[PATCH] Fix PR56756

Tue Apr 16 16:39:00 GMT 2013

On Thu, 28 Mar 2013, Richard Biener wrote:

> 
> The domwalker fix to order dom children after inverted postorder
> exposed the latent issue that LIM relies on domwalk to walk
> all blocks defining SSA names before all blocks using them ...
> which is what the following patch tries to fix using the
> dependency information it already tracks (but incompletely so,
> thus the fixes).
> 
> Bootstrapped and tested on x86_64-unknown-linux-gnu.
> 
> I'm not entirely happy with this - it should use a worklist
> of stmts instead of recursing and handling basic-blocks.
> But well ...
> 
> Leaving for comments.  (inverted_post_order_compute visits
> loop nodes in "weird" order because it visits loop exit
> nodes last)

Ok, I wasn't really happy with the above.  The following simpler
patch avoids creating intermediate IL that has SSA uses where
their definition does not dominate the use.  Simply by placing
the store-motion load before a random previous load/store where
obviously all SSA names used to compute the load/store address
have dominating definitions.  That isn't guaranteed when
inserting into the loop latch block as the testcase shows.
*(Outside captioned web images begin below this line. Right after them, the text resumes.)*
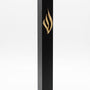 Slim black aluminum mezuzah made in Israel with a raised polished gold eternal-flame emblem on the front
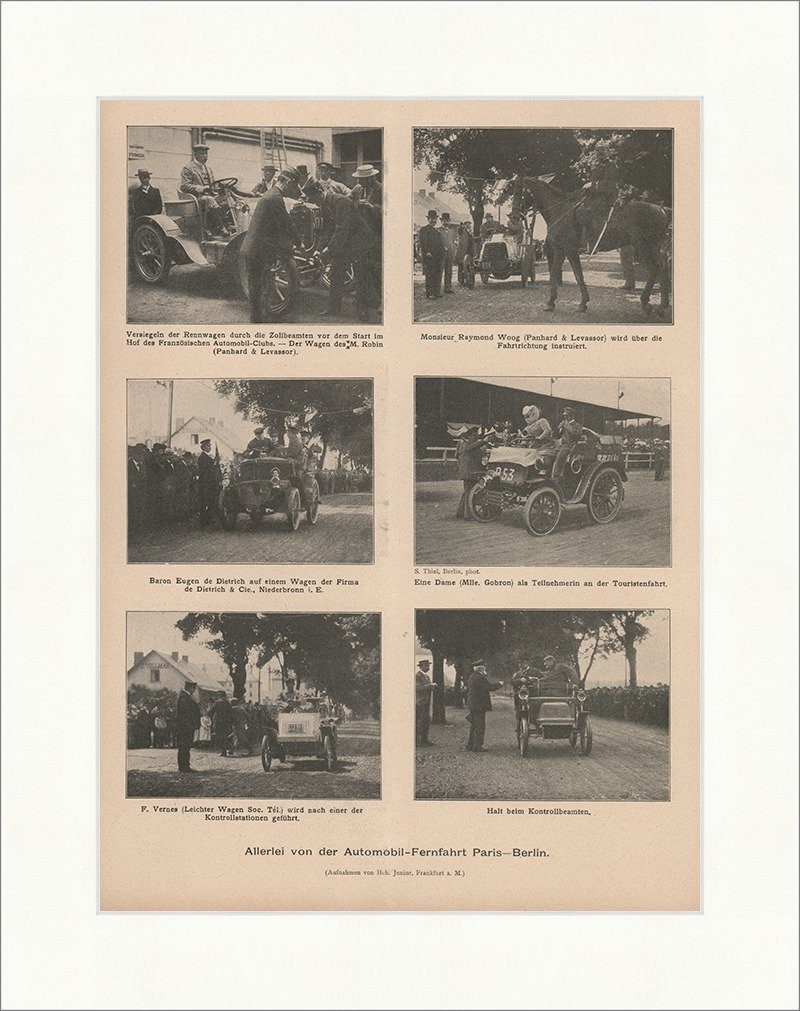 Kunstdruck Allerlei von der Automobil-Fernfahrt Paris-Berlin Autorennen F_Vintage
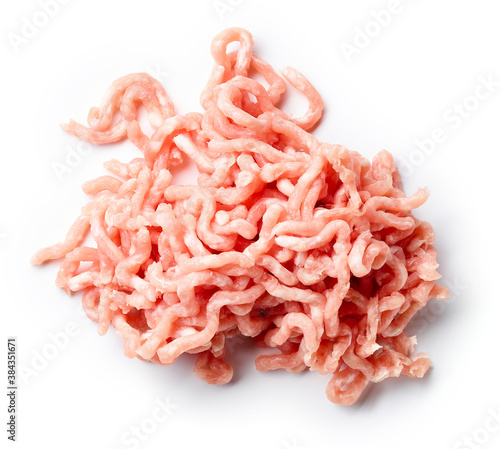 Heap of minced meat isolated on white  from above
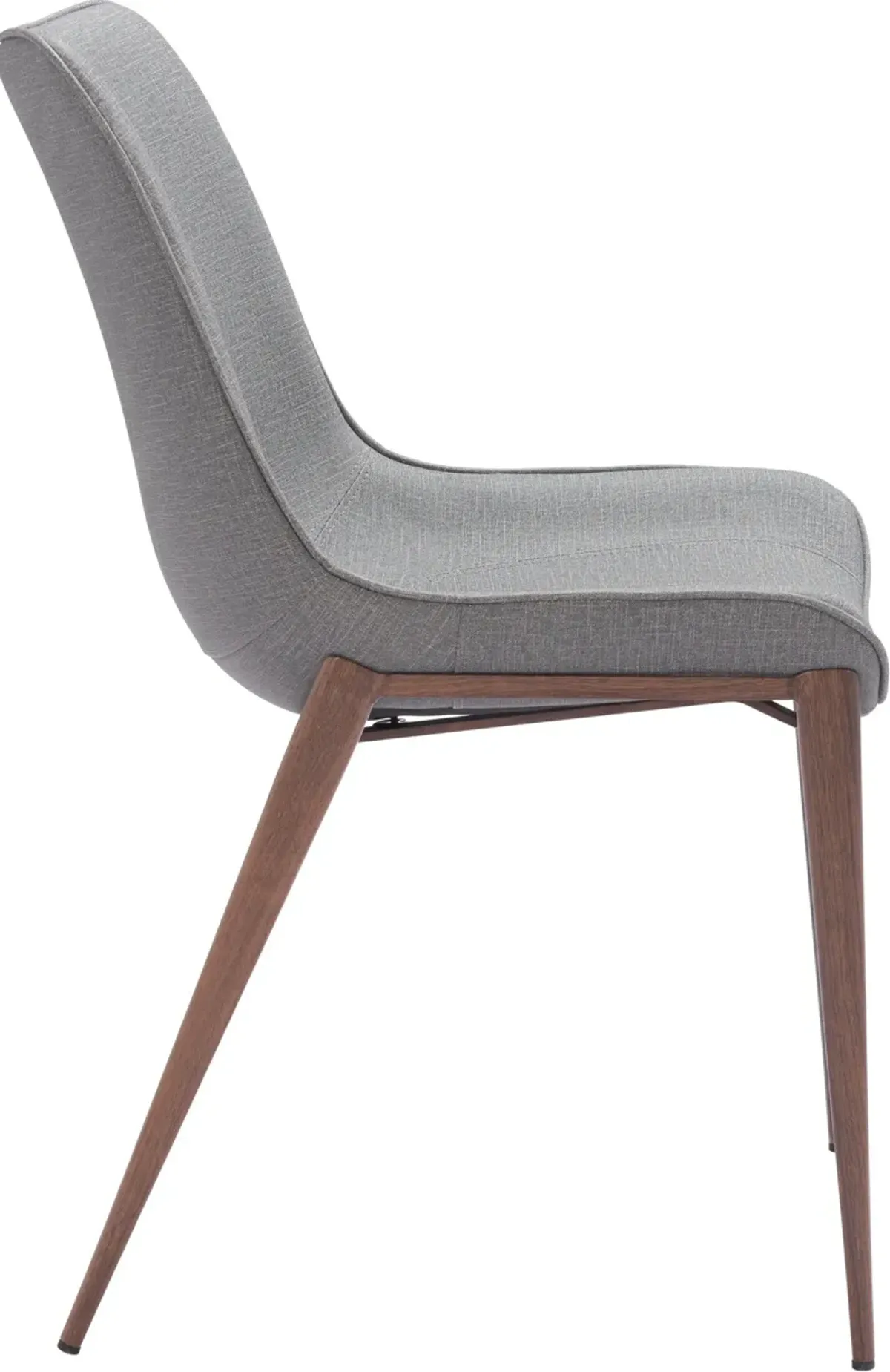 Millie Set of 2 Dining Chairs - Gray/Walnut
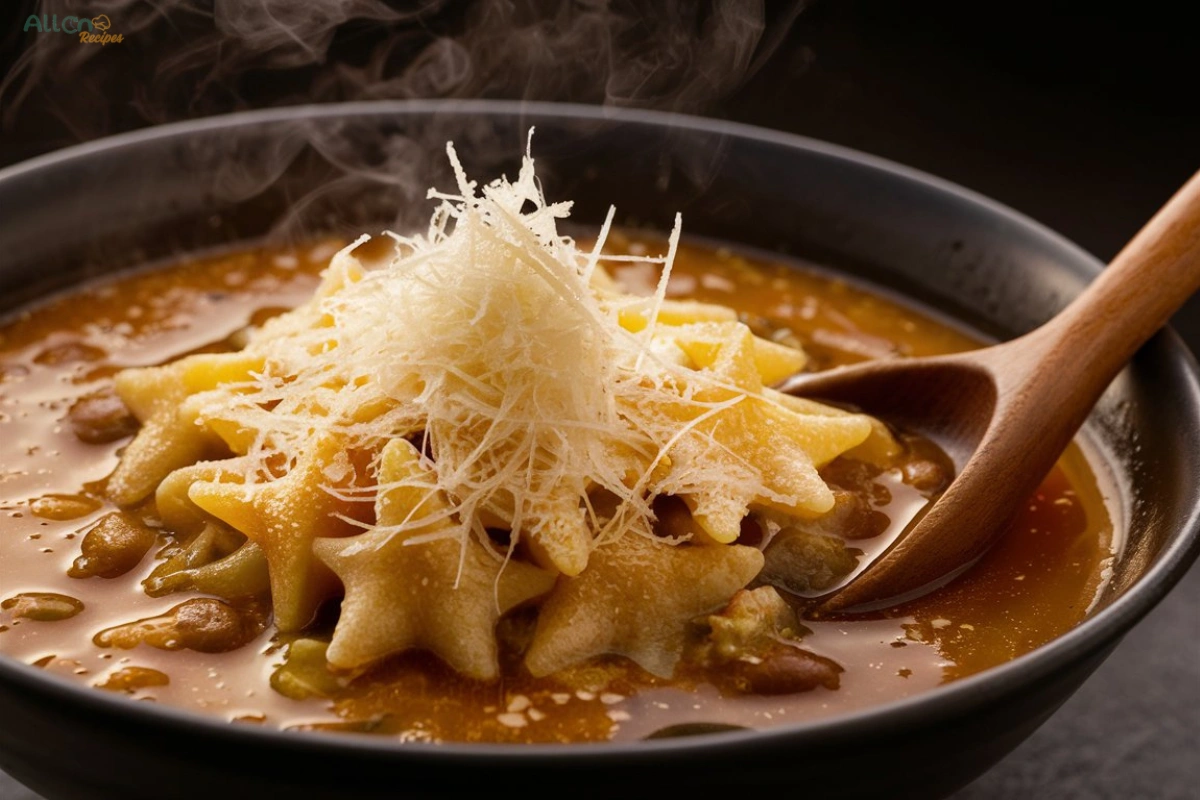 A steaming bowl of pastina soup with egg, featuring tiny pasta, rich golden broth, and grated Parmesan, served in a cozy kitchen setting.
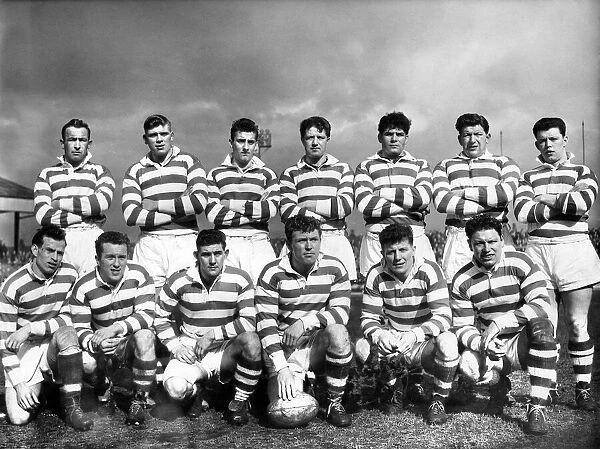 Leigh Rugby League team pose for a group photograph. They are Back row L-R: Clarke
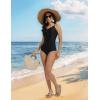 imagebaleaf Womens Button up One Piece Swimsuits Tummy Control Bathing Suits 2025 Modest Full Coverage Swimwear Adjustable StrapBlack
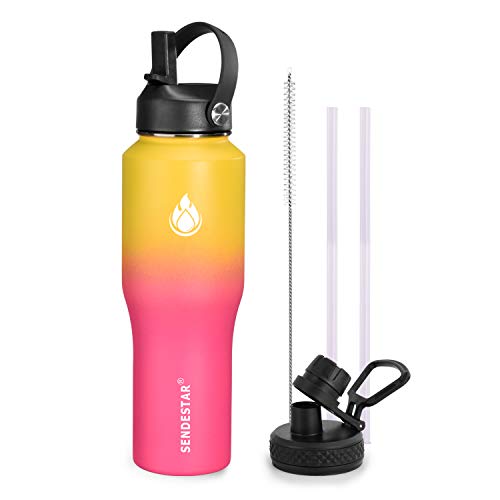 Image of SENDESTAR Water Bottle 32oz,2 Lids(Straw lid),Wide Mouth Stainless Steel Vacuum Insulated Double Wall Keep Liquids Cold or Hot All Day,Sweat Proof Sport Design,Fit Car Cup Holder(Yelow&Pink)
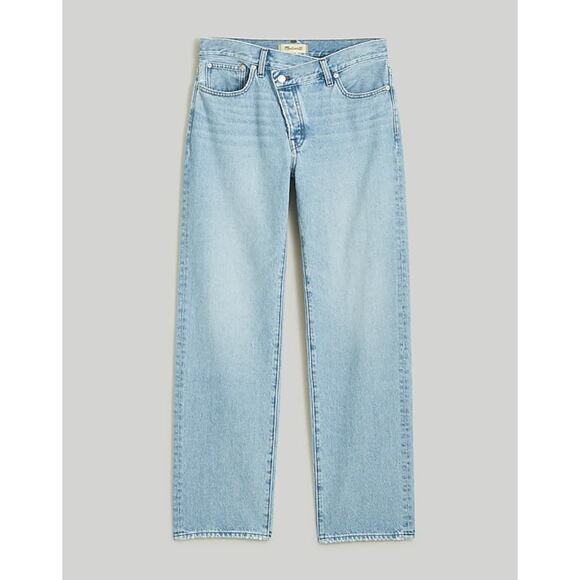 Madewell Low Slung Straight Jeans Sevilla Wash Blue Straight Slouchy US 27 NWT - Picture 4 of 16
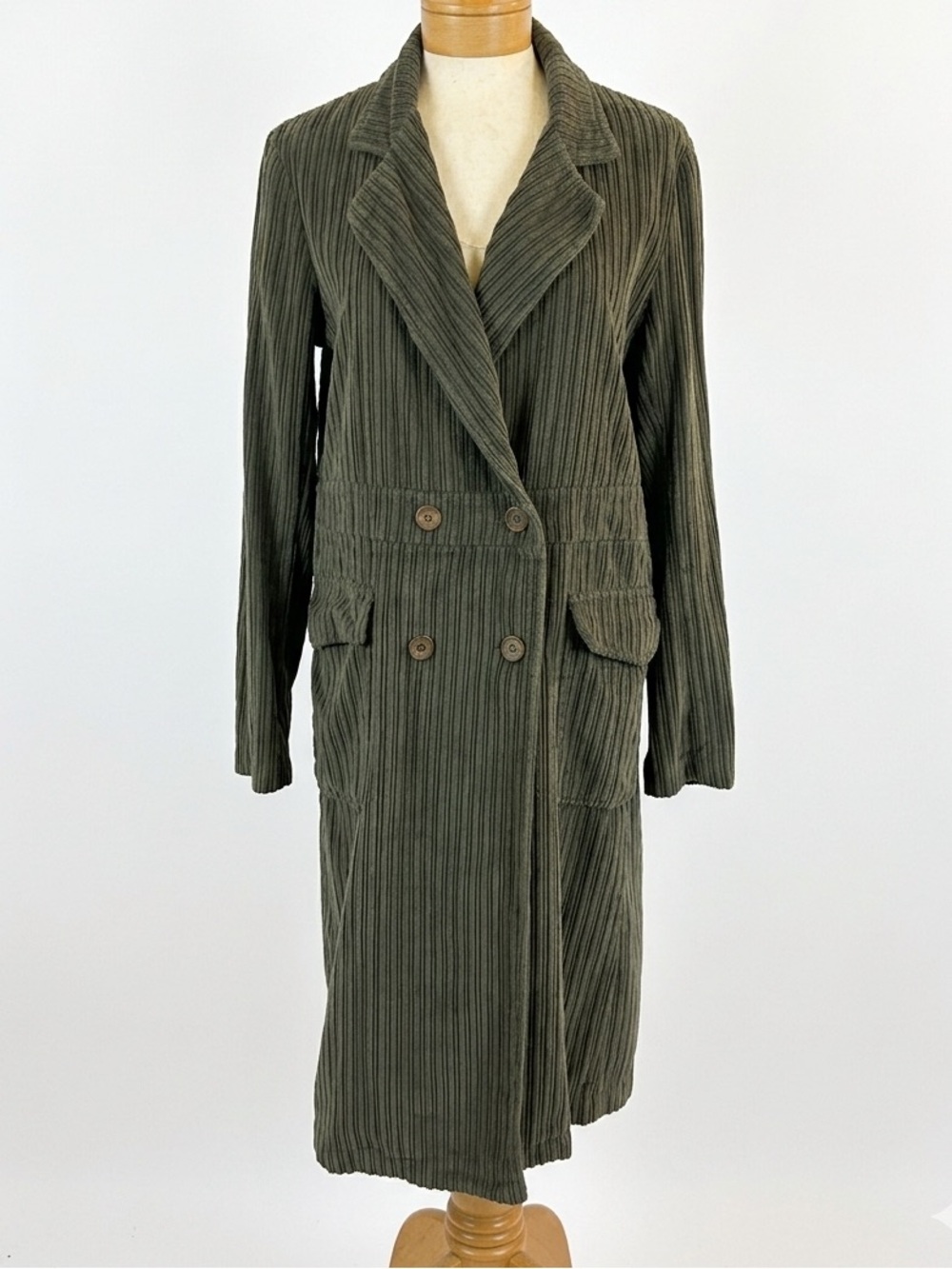 BACI FASHION OLIVE GREEN CORDUROY LONG DOUBLE BREASTED COAT GRUNGE utility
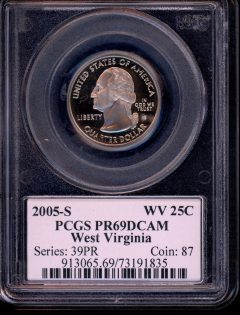 2005-S West Virginia Proof State Quarter Graded PCGS PR69 DCAM Flag Label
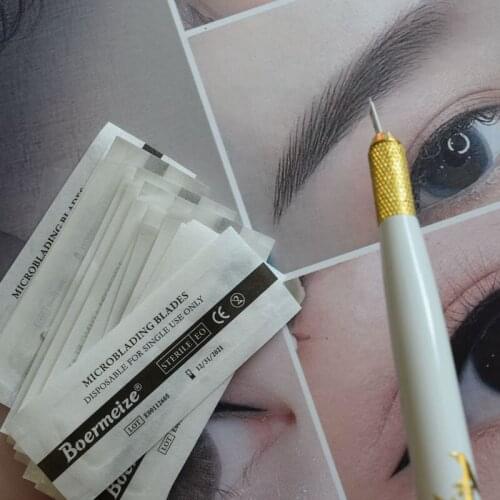 Tattoo Needles Blade Microblanding Mina 14Pins Curved Blades Permanet MakeUp Eyebrow Mircoblading Blades For Manual Tattoo Pen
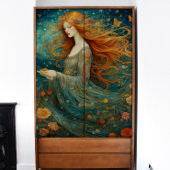 Roodharig Meisje met Bloemen Decoupage Tissuepapier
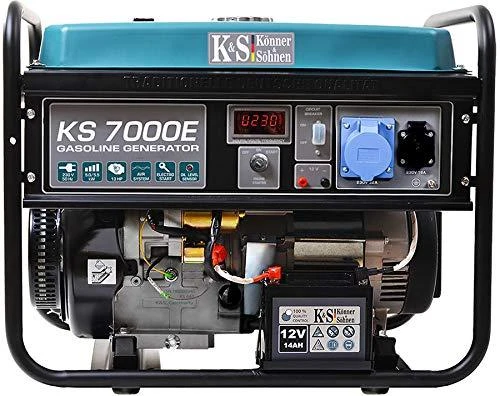 KÖNNER & SÖHNEN BENZINO GENERATORIUS 5.0kW 230V KS 7000E, ELEKTRINIS PALEIDIMAS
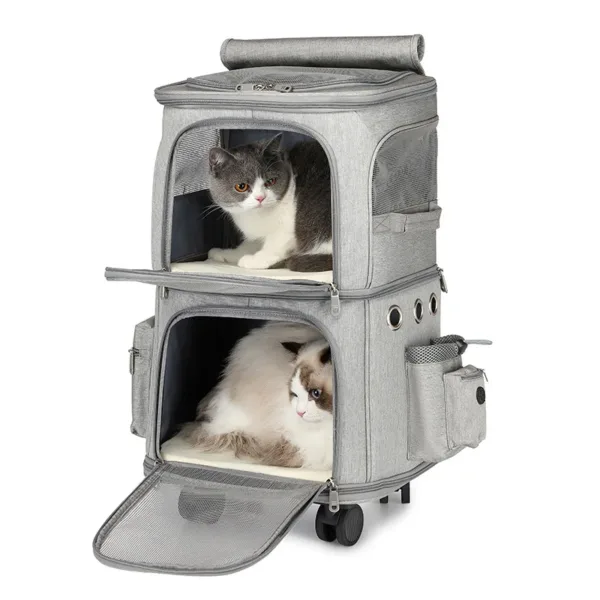 Portable Outdoor Telescopic Pull Rod Case Double-layer Pet Trolley Bag Fodlable Pet Carrier Dog Carrier Cat Carrier - Image 3
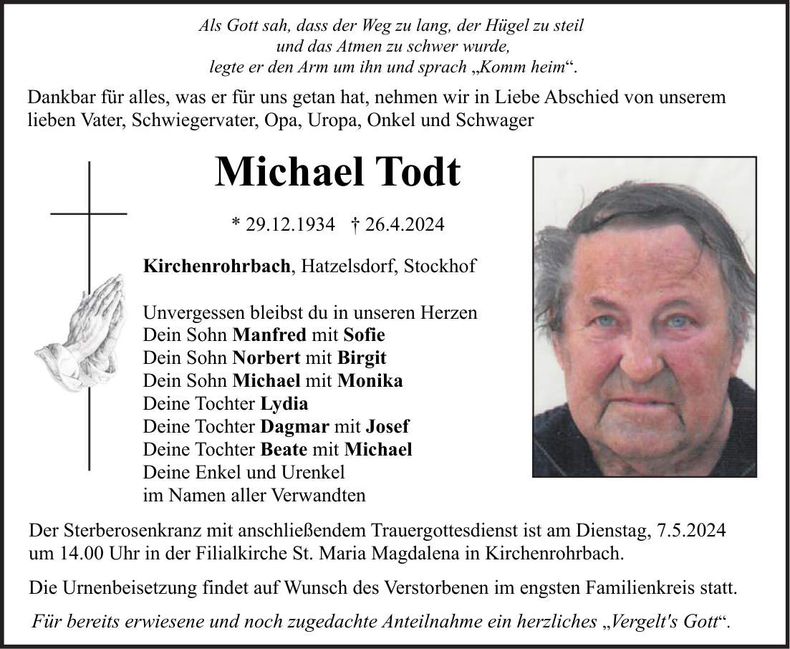 Traueranzeige Michael Todt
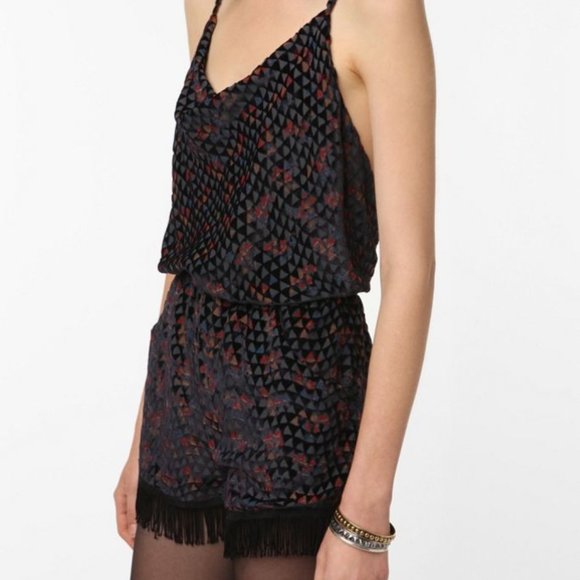 Ecote Dresses & Skirts - {Urban Outfitters} Ecote Burnout Fringe Romper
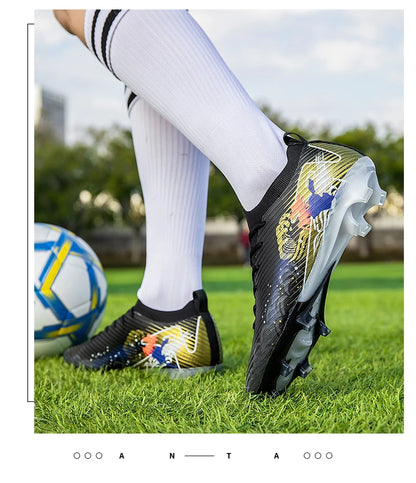 Chaussures de football pour homme, gazon, ultralégères, sportives et confortables, pour adulte, antidérapantes, crampons d'extérieur, sport, futsal, entraînement, match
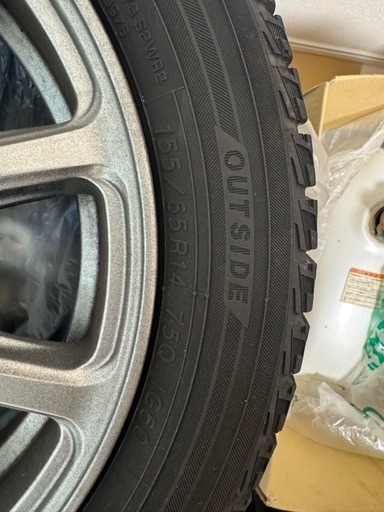 ?美品‼️社外14インチアルミ&スタッドレスタイヤ4本セット☆155/65R14☆14×4.5J☆4×100?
Bootstrap and regtest pending on x86_64-unknown-linux-gnu.

Richard.

2013-04-16  Richard Biener  <rguenther@suse.de>

	PR tree-optimization/56756
	* tree-ssa-loop-im.c (struct first_mem_ref_loc_1): New functor.
	(first_mem_ref_loc): New.
	(execute_sm): Place the load temporarily before a previous
	access instead of in the latch edge to ensure its SSA dependencies
	are defined at points dominating the load.

	* gcc.dg/torture/pr56756.c: New testcase.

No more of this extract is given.